Hello, Murilo

NFSv3 has this behaviour, and it is a known issue, see this thread for reference[1]. This situation does not occur using version 4 of the protocol, as it changed the way lock works in this version. However, you mentioned you changed the storage to NFSv4, did you change the lock lease time of the NFS protocol? This situation should not happen with NFSv4, as the lock is removed if the client does not renew the lease, you can refer to [2] for more details upon the difference in lock mechanism between NFSv3 and NFSv4.

Best regards,
Bryan

[1]: https://bugzilla.redhat.com/show_bug.cgi?id=1547095#c43
[2]: https://community.netapp.com/t5/Tech-ONTAP-Blogs/NFSv3-and-NFSv4-What-s-the-difference/ba-p/441316#toc-hId-2029730352

On 15/04/2024 14:16, Murilo Moura wrote:
Complementing the case... I did a new test and found that the problem really lies in the lock generated in NFS.

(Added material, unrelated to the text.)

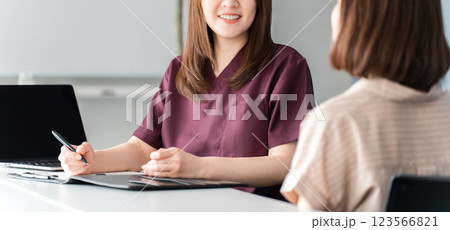 病院で診察・診療・カウンセリング・相談をする女性患者と医師・看護師・カウンセラーの女性 123566821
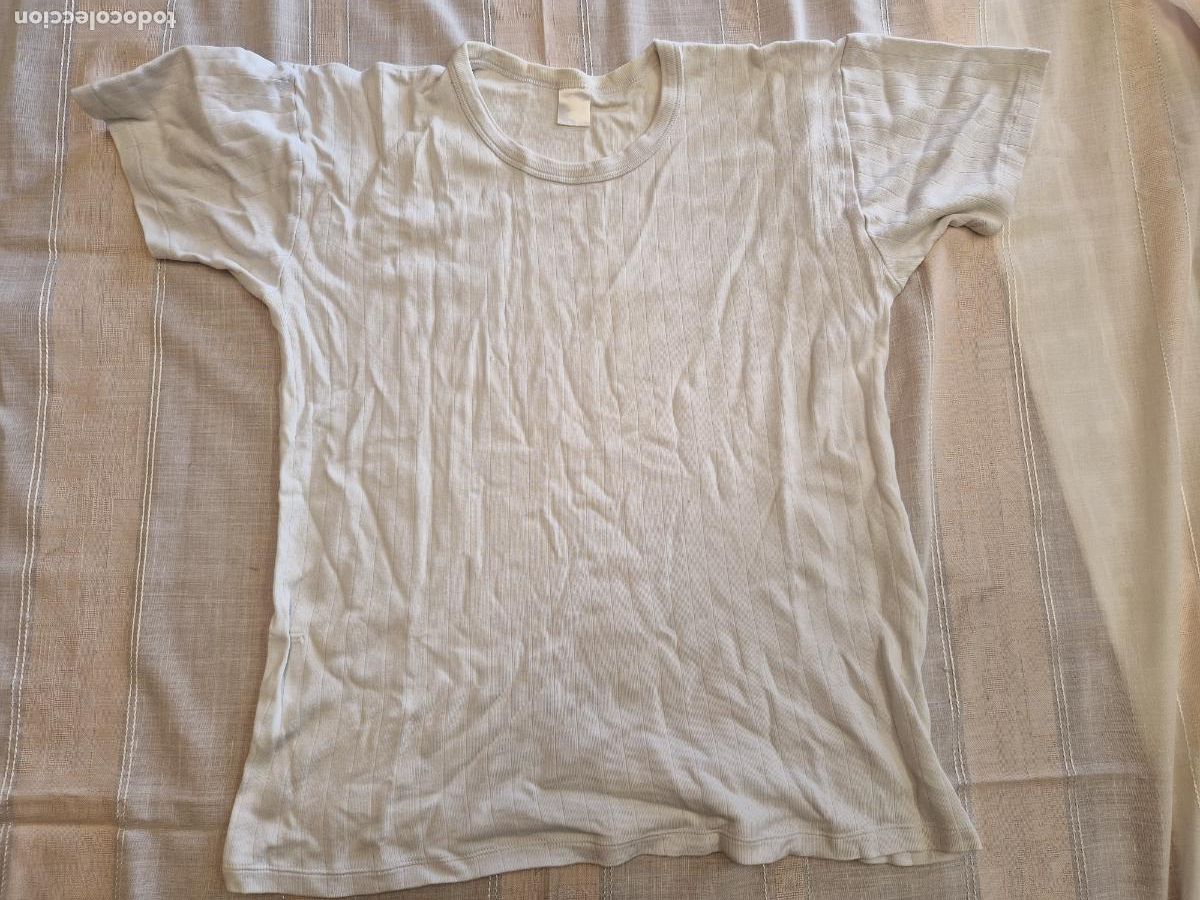 Segunda mano: BONITA CAMISETA PARA HOMBRE. COLOR BLANCO. TALLA M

When the KVM host has a virtualized instance running (with NFS primary storage) and this host suddenly loses power, the HA scheme only works if before marking the host as degraded I restart the NFS service to unlock the machine's file virtual. Doing it this way, I restart the NFS server (with this the file locks are released) and then, when I mark the KVM host as degraded, all failover happens automatically.

In conclusion, my problem is in fact this lock generated on the volume shared via NFS...

All tests were done in ACS version 4.19.0.1

image.png

image.png


regards,

Murilo Moura



On Mon, Apr 15, 2024 at 2:07 PM Murilo Moura <a...@bigsys.com.br> wrote:

    Correct, the user instance and the computing offer have HA enabled.

    regards,

    Murilo Moura


    On Mon, Apr 15, 2024 at 4:00 AM <m...@swen.io> wrote:

        HI Murilo,

        just checking, the user instance you are talking about are
        using a service offering with HA enabled, correct?

        Regards,
        Swen

        -----Ursprüngliche Nachricht-----
        Von: Murilo Moura <a...@bigsys.com.br>
        Gesendet: Sonntag, 14. April 2024 06:31
        An: users@cloudstack.apache.org
        Betreff: Re: AW: Manual fence KVM Host

        Hello Guto!


        I carefully checked the instructions that you and Daniel left
        in this thread that I opened, but one point is not working and
        I would like to see if you have experienced something similar...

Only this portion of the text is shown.